Find a visual artifact, i.e., a photograph, advertisement, campaign ad, cartoon, etc., and decode its message. Why did it catch your attention? What are some of the arguments it makes?
Ask the similar questions that you would ask about a written argument:
the larger context in which you find the visual artifact
the audience it is aimed at
ethos, pathos, logos
is it effective or not? do you think it might misfire or offend some people?
Alternatively, you can compose a visual argument of your own by combining two or more images to create a new message. Then explain your choice.
Write half a page to one page analysis (single spaced, Times New Roman 12 font). Be sure to include the visual artifact.

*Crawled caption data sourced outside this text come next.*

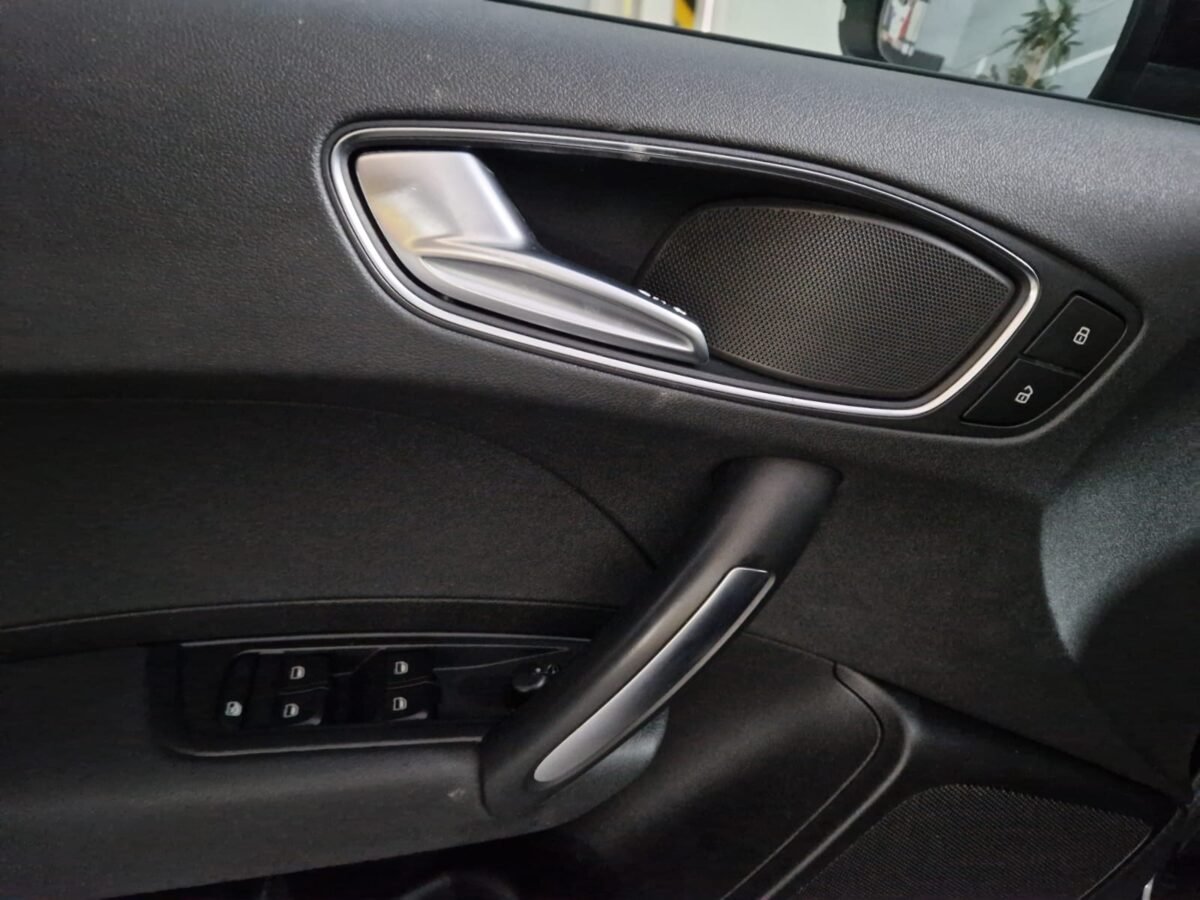 AUDI A1 1.6 TDI 90CV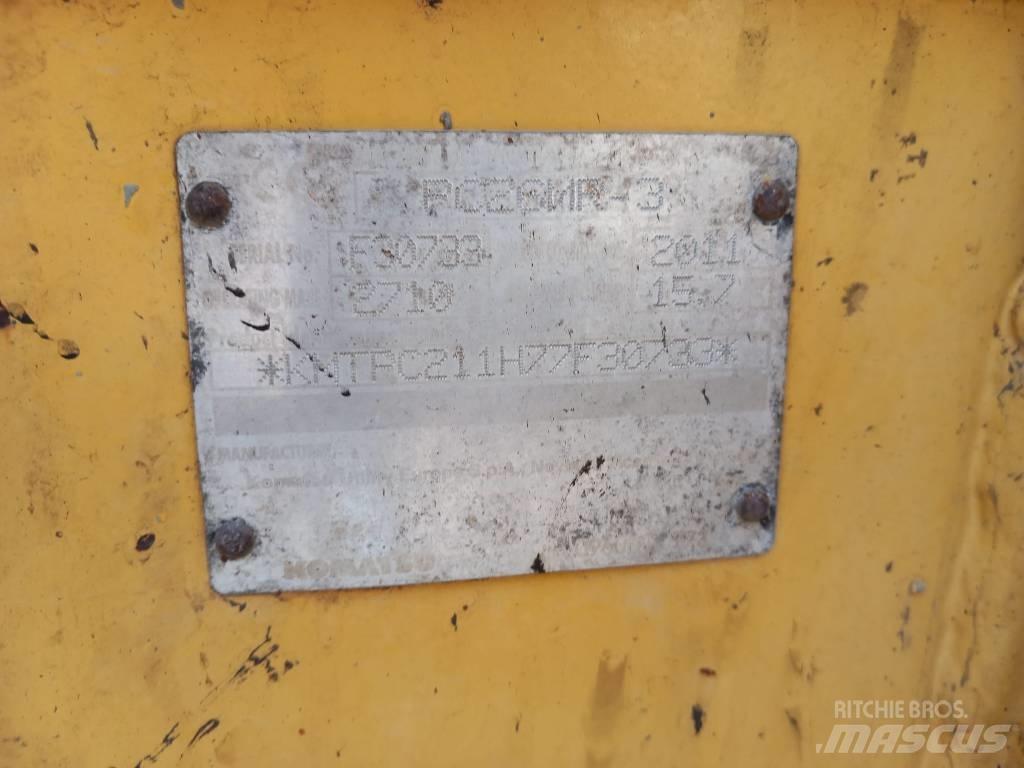 Komatsu PC 26 MR-3 حفارات صغيرة أقل من 7 طن (حفارات صغيرة)
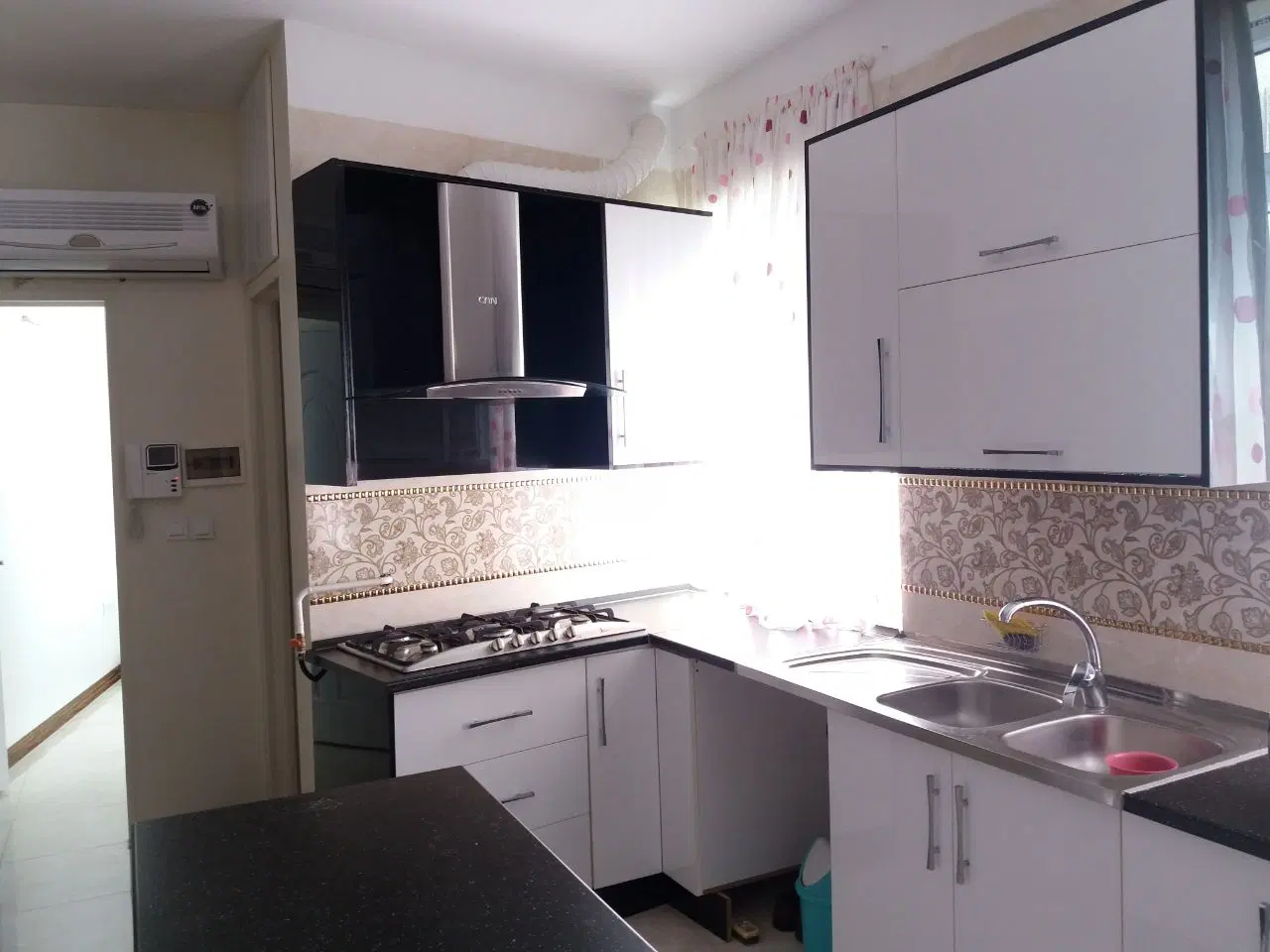 اجاره آپارتمان نیمه مبله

I really like this ad because of the great visual lushness of the images presents a futuristic scene at once frightening and enticing, reminiscent in the feel of the lighting of parts of Scott's Blade Runner. The cinematic technology, with its telephoto lenses and mattes, is supplemented by the electronically generated slow-motion flying hammer and blinding white light that fills the hall at the end of the spot. The aural code is complex. The meaningless sloganeering of the tyrant puppet on the screen continues unceasingly, destructive of thinking, of reflection. The marching feet, the great hall ambiance, the electronic rumble, all work to create an aura of dread, of industrialized enterprises and great human misery. The reason that apple is doing this is to show the fact that because of their new creative Macintosh computer, consumers at the time didn’t have to fear the world that they show in their commercial. In a less overt way, the people in the commercial also evoke the haunting specter of joblessness, of the displacement of humans by machines, a concern that has become increasingly manifest for Americans in the 1990s and 1980s. Apple tries to ease the people watching the commercial by encouraging that if their product is bought, fear of such emptiness will cease.